「アスピリン」どこかで聞いた名前だな?と感じられる方も多いのではないかと思います。アスピリンは昔から使われている歴史のある薬のことで、解熱鎮痛作用があり、現在でも医療用医薬品(医師が処方する薬)として、また市販薬として幅広く使われています。
今日はそんなアスピリンについて詳しくお伝えしていきます。
「アスピリン」ってどんなお薬?
アスピリンは正式名称をアセチルサリチル酸といい、熱を冷ましたり痛みを和らげたりする作用を持っています。「アスピリン」という名前からピリン系の薬剤と思われやすいのですが、非ピリン系の薬剤です。
市販の薬にもよく使われており、有名なバファリンAやケロリンなどの薬の主な成分にもこのアスピリンが用いられています。
「アスピリン」の効き目は?
アスピリンは、抗炎症・解熱・鎮痛作用があり、具体的には以下のような効き目があります。

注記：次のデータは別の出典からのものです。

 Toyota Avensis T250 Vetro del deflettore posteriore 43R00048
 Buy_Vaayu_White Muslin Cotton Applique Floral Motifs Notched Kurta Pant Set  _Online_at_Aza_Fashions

たまに痛み止めと熱さましの薬は別だと考えられている方がいます。アスピリンなども痛み止めの効果しかなく、熱を下げるには別の薬が必要だと思っている場合がありますが、それは間違いです。アスピリンは解熱鎮痛の両方の作用が期待できます。
「アスピリン」はどうやって痛みを和らげたり熱を下げたりするのか?

腰などに痛みを感じるとき、また風邪をひいて熱が出たとき、体の中ではプロスタグランジンという痛みや熱のもととなる物質があらわれています。
アスピリンはこのプロスタグランジンができるのを阻害して、痛みを感じることや熱が出ることを防ぎます。
「アスピリン」の副作用
胃腸障害
痛み止めの副作用として一番有名なのが胃腸障害です。服用することで胃に負担がかかり、胃があれてしまう事があります。

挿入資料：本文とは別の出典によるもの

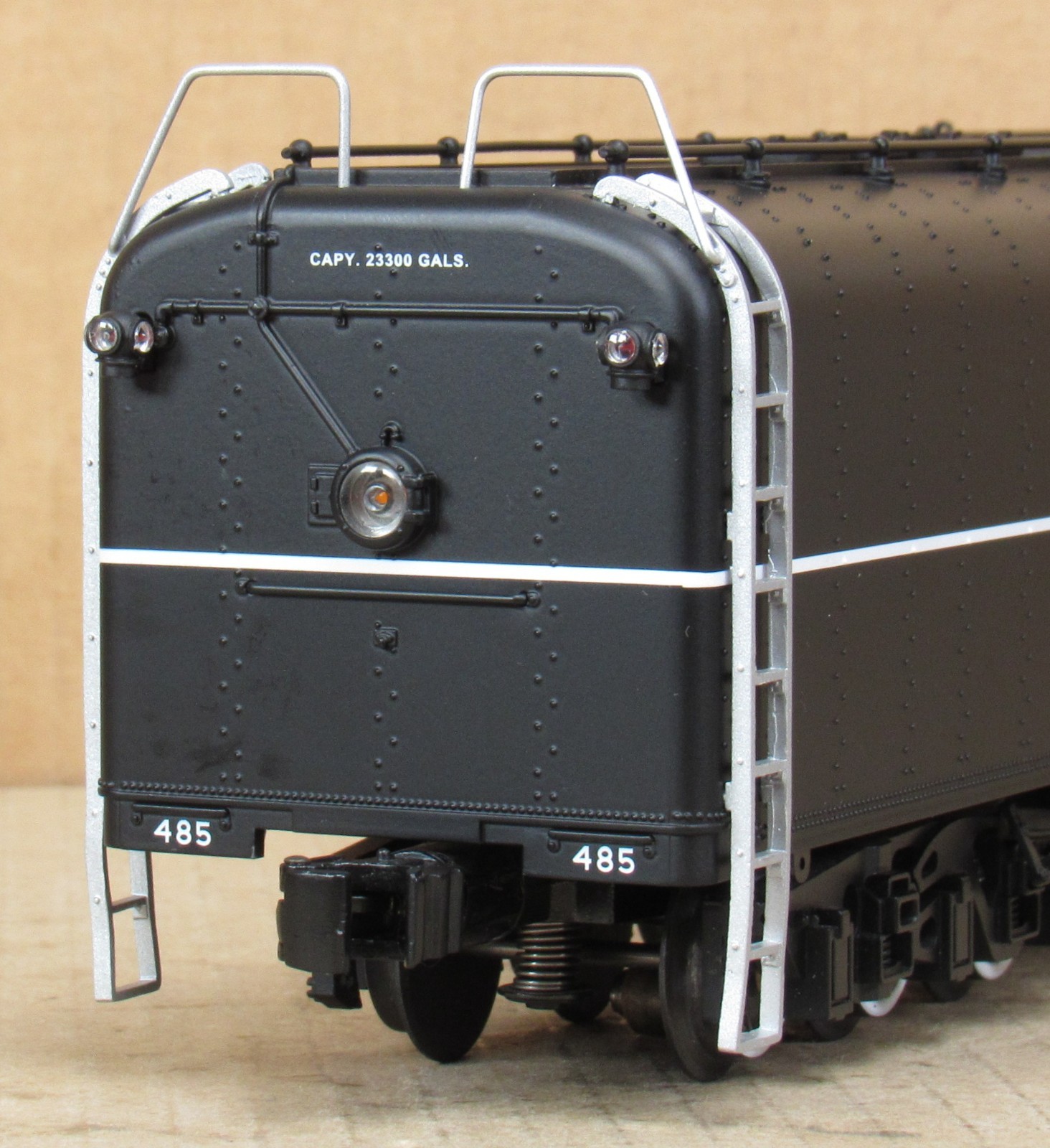 Lionel 38080 Western Pacific GS-6 4-8-4 Steam Engine w/TMCC/RS O-Gauge LNIB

市販のアスピリンが含まれる薬には、この副作用を抑えるためにダイバッファーHTなどの胃を守る成分が一緒に入っていることがあります。
アスピリン喘息
アスピリンやその他大半の解熱鎮痛剤を飲むと、1時間以内にゼーゼー、ヒューヒューと喘息がでてくることがあります。
アスピリン喘息が出た方はアスピリン以外の解熱鎮痛剤も飲むことを控えるか、医師に相談したほうがよいでしょう。
その他
以上の副作用があらわれた場合には、服用を中止して医師や薬剤師に相談してください。
「アスピリン」を服用してはいけない人
15歳未満の小児の水痘・インフルエンザの患者
ライ症候群(急性脳症による意識障害やけいれん、または肝機能障害を引き起こす命にかかわる病気)を引き起こす恐れがあるため。
解熱鎮痛剤を服用して喘息が出たことがある人
解熱鎮痛剤、または風邪薬を服用した時に喘息が出たことがある人は、アスピリンを服用することで喘息が出る恐れがあるため。
出産予定日12週以内の妊婦
妊娠期間の延長や、分娩時の出血の増加、また胎児にも影響を与える恐れがあるため。
また、出産予定日12週以内でなくても妊娠中の服用は控えるか、医師に相談する方がよいでしょう。
他の解熱鎮痛剤などを服用している人
アスピリン以外でも他の解熱鎮痛剤や風邪薬を服用している人は、成分が重複する恐れがあり、副作用などが強く出てしまう事があるので、一緒に服用しないでください。
その他に注意すべき人
- 心臓病・肝臓病・腎臓病・胃・十二指腸潰瘍等と診断を受けている人。
- その他にも医師や歯科医師の治療を受けている人。
- 薬などでアレルギー症状を起こしたことがある人。
- 高齢者(ほかに病気を持っていたり、副作用が出たりしやすいため)
- 授乳中の人(母乳中にアスピリンの成分が出てしまう恐れがある)
もう一つのアスピリンの効果
市販されているアスピリン製剤は解熱鎮痛剤のみですが、医療用のアスピリンは解熱鎮痛作用以外に、血栓(血の塊)を作るのを防ぐ作用を利用して、脳梗塞や心筋梗塞などの血栓形成予防などに使われています。
この二つの効能・効果の違いにはアスピリンの服用する量が関わっており、解熱鎮痛剤として使われる場合はアスピリンを1回500mg~1500mg服用しますが、血栓形成抑制剤として使われる場合は通常、81mg(バファリンA)または100mg(バイアスピリン)を1日1回服用します。
このように、市販のバファリンAと医療用のバファリンAは使用目的が異なるため、服用量も異なります。
まとめ
よく聞く「アスピリン」という薬、その中身については知らないことも多かったのではないでしょうか?用法用量や注意をしっかり守れば、便利で使いやすい薬になると思います。服用してもよいか迷った場合は、医師や登録販売者・薬剤師などに聞いてみましょう。